* **Problem description**: Write the entries out again exactly; any picture among them gets left out.

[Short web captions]

═══

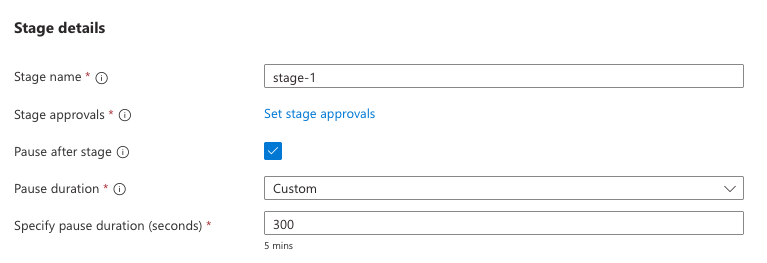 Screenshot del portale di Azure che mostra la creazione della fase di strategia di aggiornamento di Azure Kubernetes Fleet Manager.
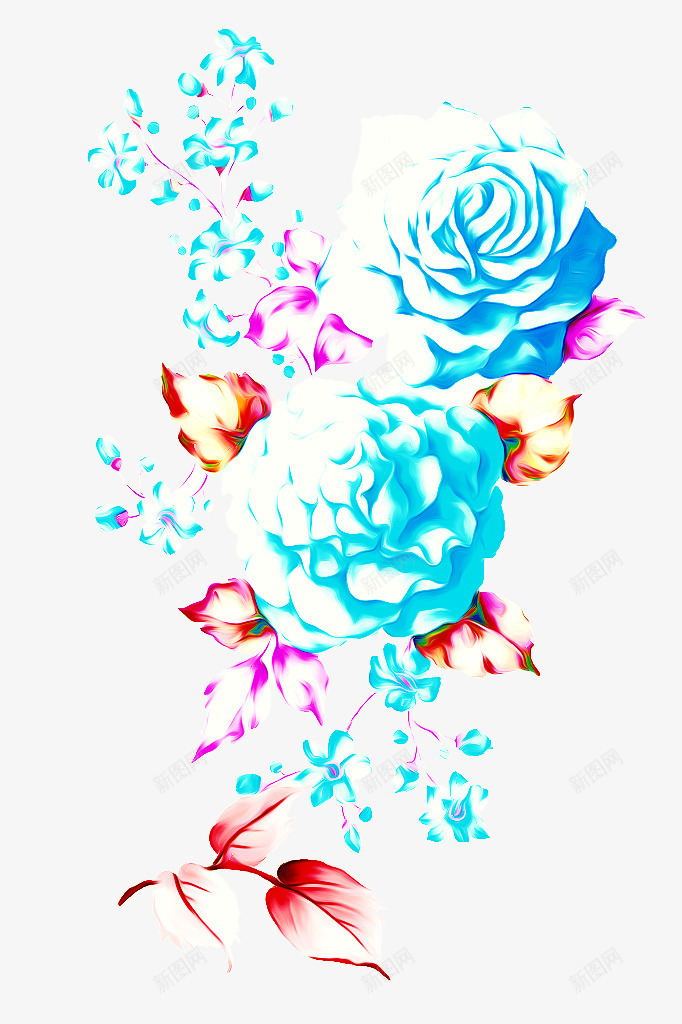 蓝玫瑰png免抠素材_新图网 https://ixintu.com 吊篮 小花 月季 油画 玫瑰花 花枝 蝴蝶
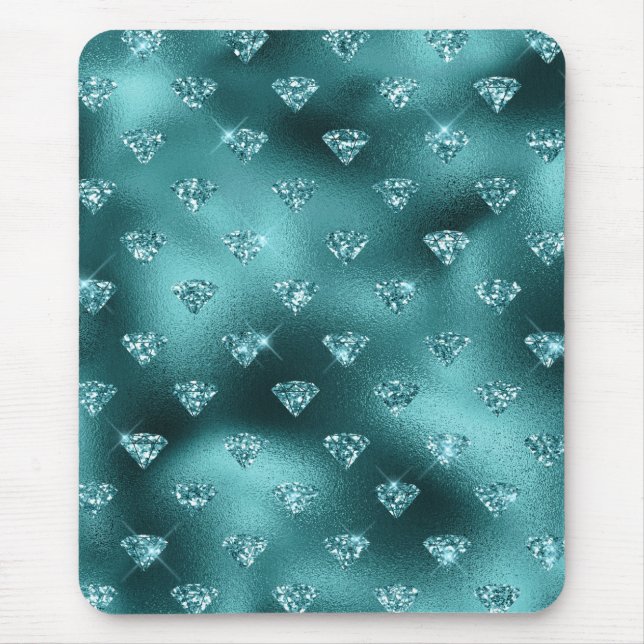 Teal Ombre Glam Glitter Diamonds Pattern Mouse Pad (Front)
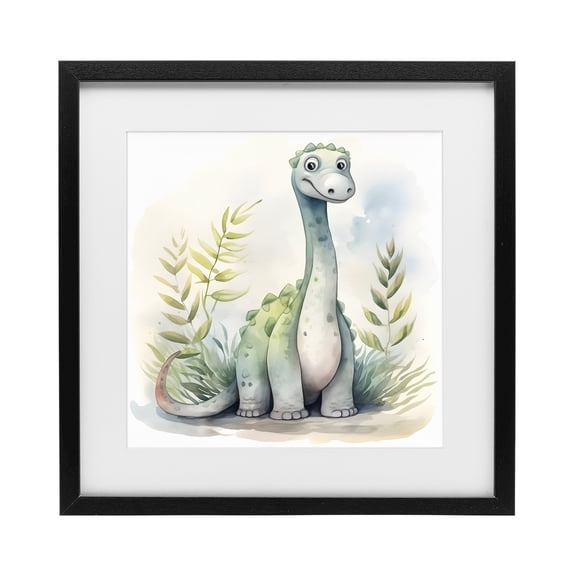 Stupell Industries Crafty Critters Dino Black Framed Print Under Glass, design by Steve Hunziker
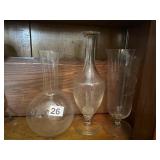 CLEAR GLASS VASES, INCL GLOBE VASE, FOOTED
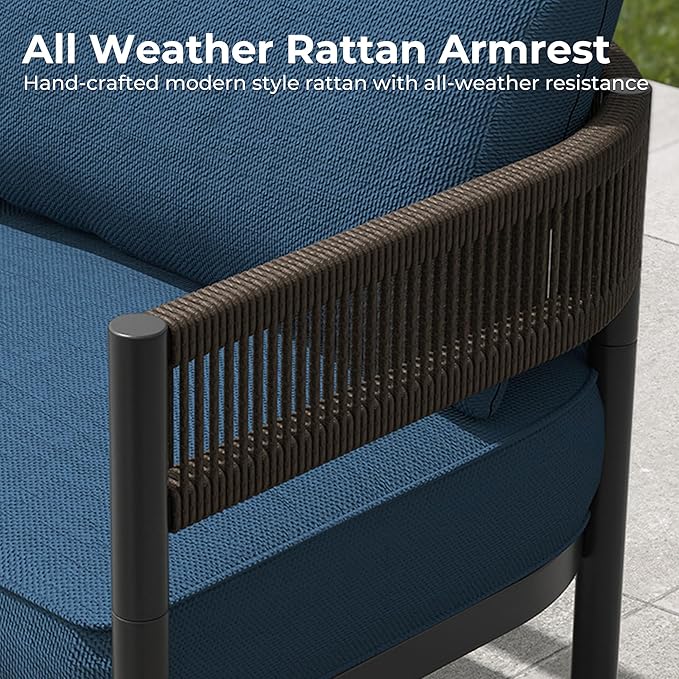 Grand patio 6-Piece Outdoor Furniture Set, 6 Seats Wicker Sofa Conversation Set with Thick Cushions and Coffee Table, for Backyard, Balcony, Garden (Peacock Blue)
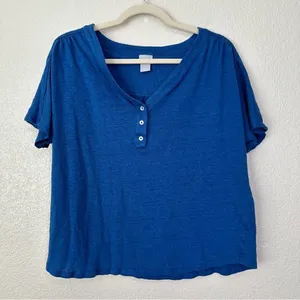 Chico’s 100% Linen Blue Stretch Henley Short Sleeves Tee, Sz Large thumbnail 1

═══

* **Result of this task**:
 Screenshot del portale di Azure che mostra la creazione della fase di strategia di aggiornamento di Azure Kubernetes Fleet Manager.
 蓝玫瑰png免抠素材_新图网 https://ixintu.com 吊篮 小花 月季 油画 玫瑰花 花枝 蝴蝶
 Teal Ombre Glam Glitter Diamonds Pattern Mouse Pad (Front)
 Stupell Industries Crafty Critters Dino Black Framed Print Under Glass, design by Steve Hunziker
 CLEAR GLASS VASES, INCL GLOBE VASE, FOOTED
 Grand patio 6-Piece Outdoor Furniture Set, 6 Seats Wicker Sofa Conversation Set with Thick Cushions and Coffee Table, for Backyard, Balcony, Garden (Peacock Blue)
 Chico’s 100% Linen Blue Stretch Henley Short Sleeves Tee, Sz Large thumbnail 1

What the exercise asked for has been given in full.